The Value Of Having An Experimental Mindset
Simounds acknowledges the pressure on small business owners to ‘get things right,’ when the stakes are high and they feel responsible for their employees’ livelihoods. Her advice to clients to experiment can be met with initial fear and resistance.
But she counters by pointing out that their size makes small businesses the perfect place to test ideas. “ It can be easier to do it on a small scale than to try and do it on a big team,” she insists. “It is an immediately implementable way of testing change before we go all in.”
Even failures are valuable. “If we are only doing successful experiments, we’re not really experimenting, are we?” Simounds asks. “We’re probably just testing what we already know, rather than stretching the boundaries of our understanding.”
Deciding what to test requires reflection and intention, rather than ‘throwing stuff at the wall and hoping it’s fixed.’ Simounds says getting to the heart of an issue often means addressing smaller, upstream obstacles first. “It’s really acting like a scientist and going deep and doing the research first on, okay, what’s really going on here, and then testing and learning as we go.”
To help with reflection, Simounds offers what she calls the Three Levers of Change, which drive behaviour and are closely linked to culture: environment (people, places and prompts), physiology (physical safety and wellbeing) and psychology (thoughts, beliefs and identity)
Problems that need solving will generally fall under one of these levers. “Which is going to be the one that we can pull that is going to most easily make the change in the direction that we’re wanting to go?” she suggests asking.
Putting The Scientific Approach To The Test
Simounds believes no experiment is too small to make a difference. In many cases, smaller experiments work best, because they’re doable. “Bring it back to the tiniest step that you can take that is going to get you on the way to where it is that you’re wanting to go.”
She recommends leaders put hypotheses in writing, documenting what they want to test, what they hope to learn and, importantly, the duration, so that it doesn’t roll on indefinitely without the impact being measured. Essentially, “I’ll test [X] for [Y duration] to learn [Z].”

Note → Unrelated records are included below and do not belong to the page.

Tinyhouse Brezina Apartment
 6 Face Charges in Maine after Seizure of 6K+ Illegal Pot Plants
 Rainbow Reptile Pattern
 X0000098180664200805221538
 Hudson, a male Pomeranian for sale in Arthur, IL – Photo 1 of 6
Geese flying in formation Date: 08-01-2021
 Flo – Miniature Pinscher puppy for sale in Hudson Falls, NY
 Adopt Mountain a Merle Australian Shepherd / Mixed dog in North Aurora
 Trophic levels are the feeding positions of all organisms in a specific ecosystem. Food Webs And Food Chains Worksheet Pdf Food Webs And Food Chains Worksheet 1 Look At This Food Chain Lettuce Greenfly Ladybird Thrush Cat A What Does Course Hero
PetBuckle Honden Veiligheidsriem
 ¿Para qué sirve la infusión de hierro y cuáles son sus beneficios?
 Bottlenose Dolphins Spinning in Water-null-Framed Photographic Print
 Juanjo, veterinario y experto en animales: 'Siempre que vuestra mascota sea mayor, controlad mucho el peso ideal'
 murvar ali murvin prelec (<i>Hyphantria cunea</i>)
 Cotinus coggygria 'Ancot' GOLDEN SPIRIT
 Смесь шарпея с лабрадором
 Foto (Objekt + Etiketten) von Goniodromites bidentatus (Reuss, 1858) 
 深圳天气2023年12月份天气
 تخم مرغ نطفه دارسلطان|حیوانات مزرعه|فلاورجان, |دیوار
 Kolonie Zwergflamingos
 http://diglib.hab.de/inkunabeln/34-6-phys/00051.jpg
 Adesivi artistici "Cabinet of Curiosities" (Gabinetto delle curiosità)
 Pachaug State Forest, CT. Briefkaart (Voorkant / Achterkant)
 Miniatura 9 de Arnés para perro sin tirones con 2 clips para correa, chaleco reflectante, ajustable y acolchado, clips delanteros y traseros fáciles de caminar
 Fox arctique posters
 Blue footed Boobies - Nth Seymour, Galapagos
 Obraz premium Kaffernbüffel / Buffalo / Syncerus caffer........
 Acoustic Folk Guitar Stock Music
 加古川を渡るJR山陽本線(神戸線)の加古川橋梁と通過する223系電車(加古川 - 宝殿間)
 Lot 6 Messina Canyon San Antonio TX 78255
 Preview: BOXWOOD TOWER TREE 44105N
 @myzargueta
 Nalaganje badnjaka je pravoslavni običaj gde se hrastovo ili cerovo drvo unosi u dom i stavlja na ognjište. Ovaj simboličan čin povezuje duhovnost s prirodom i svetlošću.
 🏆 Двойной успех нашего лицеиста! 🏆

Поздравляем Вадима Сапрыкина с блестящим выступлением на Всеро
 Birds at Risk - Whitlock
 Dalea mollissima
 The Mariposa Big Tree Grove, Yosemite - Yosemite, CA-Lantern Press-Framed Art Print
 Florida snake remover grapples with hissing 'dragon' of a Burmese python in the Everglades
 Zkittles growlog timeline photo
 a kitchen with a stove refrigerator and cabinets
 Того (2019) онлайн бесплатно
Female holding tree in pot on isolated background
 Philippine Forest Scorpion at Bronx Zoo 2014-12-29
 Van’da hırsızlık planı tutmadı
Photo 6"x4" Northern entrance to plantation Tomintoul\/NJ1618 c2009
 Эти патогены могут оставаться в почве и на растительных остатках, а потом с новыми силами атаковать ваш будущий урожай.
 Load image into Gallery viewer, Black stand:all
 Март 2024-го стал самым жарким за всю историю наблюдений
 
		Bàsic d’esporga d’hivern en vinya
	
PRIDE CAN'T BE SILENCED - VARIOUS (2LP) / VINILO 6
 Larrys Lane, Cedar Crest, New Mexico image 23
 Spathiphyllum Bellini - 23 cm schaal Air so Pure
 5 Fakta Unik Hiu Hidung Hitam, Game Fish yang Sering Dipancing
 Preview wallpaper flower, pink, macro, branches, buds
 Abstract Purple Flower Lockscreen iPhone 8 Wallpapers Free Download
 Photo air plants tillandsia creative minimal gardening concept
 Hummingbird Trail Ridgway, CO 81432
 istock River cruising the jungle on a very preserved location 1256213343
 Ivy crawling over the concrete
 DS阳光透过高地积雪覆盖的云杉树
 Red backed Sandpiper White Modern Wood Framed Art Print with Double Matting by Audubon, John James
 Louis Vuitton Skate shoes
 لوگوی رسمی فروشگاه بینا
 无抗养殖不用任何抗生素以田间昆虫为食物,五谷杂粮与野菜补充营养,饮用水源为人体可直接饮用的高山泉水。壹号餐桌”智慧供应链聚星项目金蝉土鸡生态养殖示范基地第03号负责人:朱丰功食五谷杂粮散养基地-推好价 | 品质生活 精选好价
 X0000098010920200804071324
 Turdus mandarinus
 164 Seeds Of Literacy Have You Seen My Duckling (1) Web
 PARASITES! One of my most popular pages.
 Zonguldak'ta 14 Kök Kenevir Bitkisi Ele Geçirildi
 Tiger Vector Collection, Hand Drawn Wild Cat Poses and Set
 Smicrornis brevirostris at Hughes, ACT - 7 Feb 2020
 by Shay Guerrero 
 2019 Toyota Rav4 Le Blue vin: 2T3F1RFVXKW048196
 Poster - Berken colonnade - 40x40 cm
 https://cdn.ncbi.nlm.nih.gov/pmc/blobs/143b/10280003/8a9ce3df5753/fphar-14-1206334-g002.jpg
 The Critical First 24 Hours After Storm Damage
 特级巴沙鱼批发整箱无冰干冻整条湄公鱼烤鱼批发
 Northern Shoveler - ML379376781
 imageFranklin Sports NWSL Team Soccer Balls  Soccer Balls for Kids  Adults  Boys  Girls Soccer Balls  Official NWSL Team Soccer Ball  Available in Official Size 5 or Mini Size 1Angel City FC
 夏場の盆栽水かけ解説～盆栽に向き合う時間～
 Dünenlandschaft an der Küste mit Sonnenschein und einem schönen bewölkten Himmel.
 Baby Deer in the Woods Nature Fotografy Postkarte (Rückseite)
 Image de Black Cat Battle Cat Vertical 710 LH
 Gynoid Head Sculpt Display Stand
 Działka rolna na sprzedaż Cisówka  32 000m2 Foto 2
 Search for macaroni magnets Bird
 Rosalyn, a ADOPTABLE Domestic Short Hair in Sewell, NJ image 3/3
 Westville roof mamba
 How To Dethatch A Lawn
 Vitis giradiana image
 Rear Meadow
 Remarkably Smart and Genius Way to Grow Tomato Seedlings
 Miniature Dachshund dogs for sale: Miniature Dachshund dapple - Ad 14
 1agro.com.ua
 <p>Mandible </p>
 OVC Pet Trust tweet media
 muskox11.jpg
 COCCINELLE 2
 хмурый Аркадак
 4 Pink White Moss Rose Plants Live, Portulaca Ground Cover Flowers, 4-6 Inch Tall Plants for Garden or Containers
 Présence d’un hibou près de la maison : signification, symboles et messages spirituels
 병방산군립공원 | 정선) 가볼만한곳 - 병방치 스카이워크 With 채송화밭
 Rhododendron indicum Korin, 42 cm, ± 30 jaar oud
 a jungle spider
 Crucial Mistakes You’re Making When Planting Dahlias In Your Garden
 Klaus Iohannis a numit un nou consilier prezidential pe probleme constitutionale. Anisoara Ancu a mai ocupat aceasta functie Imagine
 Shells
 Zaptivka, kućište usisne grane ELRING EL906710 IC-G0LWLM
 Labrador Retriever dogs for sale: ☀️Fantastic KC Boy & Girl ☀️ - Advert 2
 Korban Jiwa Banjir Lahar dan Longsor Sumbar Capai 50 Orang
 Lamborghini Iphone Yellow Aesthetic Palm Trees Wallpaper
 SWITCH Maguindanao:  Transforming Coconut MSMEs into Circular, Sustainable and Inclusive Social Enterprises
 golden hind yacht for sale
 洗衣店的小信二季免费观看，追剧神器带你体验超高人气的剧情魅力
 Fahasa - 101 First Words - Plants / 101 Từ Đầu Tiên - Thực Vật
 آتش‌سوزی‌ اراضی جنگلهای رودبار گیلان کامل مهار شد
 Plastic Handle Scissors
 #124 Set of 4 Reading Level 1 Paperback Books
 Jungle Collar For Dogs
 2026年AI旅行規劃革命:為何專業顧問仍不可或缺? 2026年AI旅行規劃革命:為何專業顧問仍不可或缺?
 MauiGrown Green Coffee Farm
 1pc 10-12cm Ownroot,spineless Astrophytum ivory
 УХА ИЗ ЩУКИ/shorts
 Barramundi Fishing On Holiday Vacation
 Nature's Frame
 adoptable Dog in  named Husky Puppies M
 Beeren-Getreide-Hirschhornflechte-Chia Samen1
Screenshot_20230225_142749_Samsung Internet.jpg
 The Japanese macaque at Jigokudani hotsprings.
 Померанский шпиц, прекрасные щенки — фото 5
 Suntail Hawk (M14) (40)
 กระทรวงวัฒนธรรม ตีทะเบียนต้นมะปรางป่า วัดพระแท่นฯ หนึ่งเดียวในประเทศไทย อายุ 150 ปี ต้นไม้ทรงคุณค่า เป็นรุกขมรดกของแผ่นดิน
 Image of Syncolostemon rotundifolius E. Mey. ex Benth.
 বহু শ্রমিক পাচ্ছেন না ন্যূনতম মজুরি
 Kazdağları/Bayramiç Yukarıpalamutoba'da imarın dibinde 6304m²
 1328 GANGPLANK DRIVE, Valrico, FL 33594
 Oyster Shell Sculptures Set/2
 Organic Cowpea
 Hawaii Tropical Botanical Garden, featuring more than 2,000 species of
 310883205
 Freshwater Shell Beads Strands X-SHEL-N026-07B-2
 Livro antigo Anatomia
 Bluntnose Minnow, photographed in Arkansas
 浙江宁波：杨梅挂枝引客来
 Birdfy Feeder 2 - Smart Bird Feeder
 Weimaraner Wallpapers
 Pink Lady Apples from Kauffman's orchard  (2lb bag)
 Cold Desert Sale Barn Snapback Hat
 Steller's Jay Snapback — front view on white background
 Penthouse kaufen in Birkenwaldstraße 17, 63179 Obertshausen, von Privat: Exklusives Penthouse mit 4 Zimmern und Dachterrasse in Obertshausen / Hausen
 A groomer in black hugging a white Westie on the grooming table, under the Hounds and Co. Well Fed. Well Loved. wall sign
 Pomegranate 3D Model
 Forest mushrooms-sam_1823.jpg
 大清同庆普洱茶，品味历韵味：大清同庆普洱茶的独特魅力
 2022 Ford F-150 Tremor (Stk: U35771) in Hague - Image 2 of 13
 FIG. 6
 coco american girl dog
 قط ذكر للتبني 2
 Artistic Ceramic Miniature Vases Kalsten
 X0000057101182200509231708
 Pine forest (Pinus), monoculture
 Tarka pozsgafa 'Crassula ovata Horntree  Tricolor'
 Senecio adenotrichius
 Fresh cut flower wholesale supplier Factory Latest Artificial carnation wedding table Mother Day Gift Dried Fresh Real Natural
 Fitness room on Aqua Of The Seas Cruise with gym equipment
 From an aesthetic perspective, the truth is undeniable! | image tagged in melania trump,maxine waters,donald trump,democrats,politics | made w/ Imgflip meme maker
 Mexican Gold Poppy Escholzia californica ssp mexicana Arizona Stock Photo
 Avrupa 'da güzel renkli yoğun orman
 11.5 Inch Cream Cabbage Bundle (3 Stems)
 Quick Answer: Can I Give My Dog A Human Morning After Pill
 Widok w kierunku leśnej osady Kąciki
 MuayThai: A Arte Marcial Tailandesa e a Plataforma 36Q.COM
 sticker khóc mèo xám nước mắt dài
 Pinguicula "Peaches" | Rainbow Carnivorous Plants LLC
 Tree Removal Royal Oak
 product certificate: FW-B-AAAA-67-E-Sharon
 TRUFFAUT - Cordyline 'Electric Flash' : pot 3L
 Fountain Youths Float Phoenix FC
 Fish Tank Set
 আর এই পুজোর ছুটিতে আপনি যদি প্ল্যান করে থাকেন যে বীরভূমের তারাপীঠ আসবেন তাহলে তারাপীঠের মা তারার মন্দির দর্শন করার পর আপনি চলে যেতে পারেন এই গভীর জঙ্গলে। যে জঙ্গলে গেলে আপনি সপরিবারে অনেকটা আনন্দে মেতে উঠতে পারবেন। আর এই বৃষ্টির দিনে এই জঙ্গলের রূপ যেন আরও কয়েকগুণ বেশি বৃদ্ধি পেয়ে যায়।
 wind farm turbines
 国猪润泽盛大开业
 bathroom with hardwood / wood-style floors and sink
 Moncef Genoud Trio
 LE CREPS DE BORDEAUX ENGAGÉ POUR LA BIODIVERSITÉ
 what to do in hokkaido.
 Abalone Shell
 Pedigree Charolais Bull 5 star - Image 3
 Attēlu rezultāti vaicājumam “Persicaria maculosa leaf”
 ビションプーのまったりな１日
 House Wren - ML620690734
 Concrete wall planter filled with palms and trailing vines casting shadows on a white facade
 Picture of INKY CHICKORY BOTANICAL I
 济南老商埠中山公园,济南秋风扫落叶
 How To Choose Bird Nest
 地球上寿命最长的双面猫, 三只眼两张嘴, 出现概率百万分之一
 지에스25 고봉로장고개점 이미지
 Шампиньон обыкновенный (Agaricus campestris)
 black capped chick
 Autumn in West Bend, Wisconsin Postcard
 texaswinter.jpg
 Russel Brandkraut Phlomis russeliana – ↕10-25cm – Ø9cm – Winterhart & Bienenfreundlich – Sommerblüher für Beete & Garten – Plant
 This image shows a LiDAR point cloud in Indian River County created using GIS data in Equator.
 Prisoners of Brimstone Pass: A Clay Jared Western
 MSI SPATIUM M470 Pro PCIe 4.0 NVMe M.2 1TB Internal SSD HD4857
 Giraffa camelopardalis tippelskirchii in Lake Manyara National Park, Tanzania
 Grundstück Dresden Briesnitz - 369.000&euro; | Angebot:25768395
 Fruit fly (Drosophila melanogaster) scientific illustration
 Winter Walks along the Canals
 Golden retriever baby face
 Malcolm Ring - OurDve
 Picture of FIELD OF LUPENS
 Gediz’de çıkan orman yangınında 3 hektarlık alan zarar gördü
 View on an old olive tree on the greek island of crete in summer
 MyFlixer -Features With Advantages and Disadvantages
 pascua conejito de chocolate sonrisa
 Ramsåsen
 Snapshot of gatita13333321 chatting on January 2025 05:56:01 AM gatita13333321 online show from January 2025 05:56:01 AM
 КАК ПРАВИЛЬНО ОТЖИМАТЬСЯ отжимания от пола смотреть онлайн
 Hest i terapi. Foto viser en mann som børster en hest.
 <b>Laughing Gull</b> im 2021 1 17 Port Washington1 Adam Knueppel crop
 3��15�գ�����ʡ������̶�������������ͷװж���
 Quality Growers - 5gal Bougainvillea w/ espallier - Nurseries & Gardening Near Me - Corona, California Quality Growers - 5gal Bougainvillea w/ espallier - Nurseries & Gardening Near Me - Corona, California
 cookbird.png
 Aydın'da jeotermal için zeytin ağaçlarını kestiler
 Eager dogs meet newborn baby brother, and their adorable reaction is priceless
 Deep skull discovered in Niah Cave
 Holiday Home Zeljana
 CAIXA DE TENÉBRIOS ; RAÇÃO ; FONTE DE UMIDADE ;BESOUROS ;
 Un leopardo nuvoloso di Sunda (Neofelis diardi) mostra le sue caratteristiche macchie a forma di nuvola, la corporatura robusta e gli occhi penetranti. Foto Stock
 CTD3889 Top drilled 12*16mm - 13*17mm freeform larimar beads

Experiments relating to the first lever of change, environment, can attempt to shift behaviour by targeting external inputs. These may include:
- put a phone in focus mode for an hour a day to test productivity
- have coffee with each team member once a week to see if it builds connection
- use an AI tool to analyse emails to test whether it saves time
- expand professional networks by having one meeting a week for four weeks
For the second lever, physiology, experiments could be designed to address stress energy levels. That may be testing whether an employee has the ability to step up and take on leadership duties that free up the owner, or whether an experimental stint in a different role could benefit a worker’s wellbeing.
The third lever, psychology, involves challenging perfectionism and internal narratives. It may be small, like testing the impact of posting twice weekly on LinkedIn, even when posts are not perfect or polished. Or, an experiment could provide the evidence needed when making big decisions. Simounds gives the example of an SME client who tested her commitment to her own business by taking a sabbatical, with time away confirming her suspicion she was ready to step aside and pursue other passions.
By encouraging business owners to put experimentation to the test, Simounds hopes they’ll be convinced to stop thinking about making a change and, in the words of Nike, just do it. “We want to lead our small businesses in a way that makes them feel safe and secure,” she says, “but if we shift the way that we’re doing things, we can save ourselves a lot of wasted time and money.”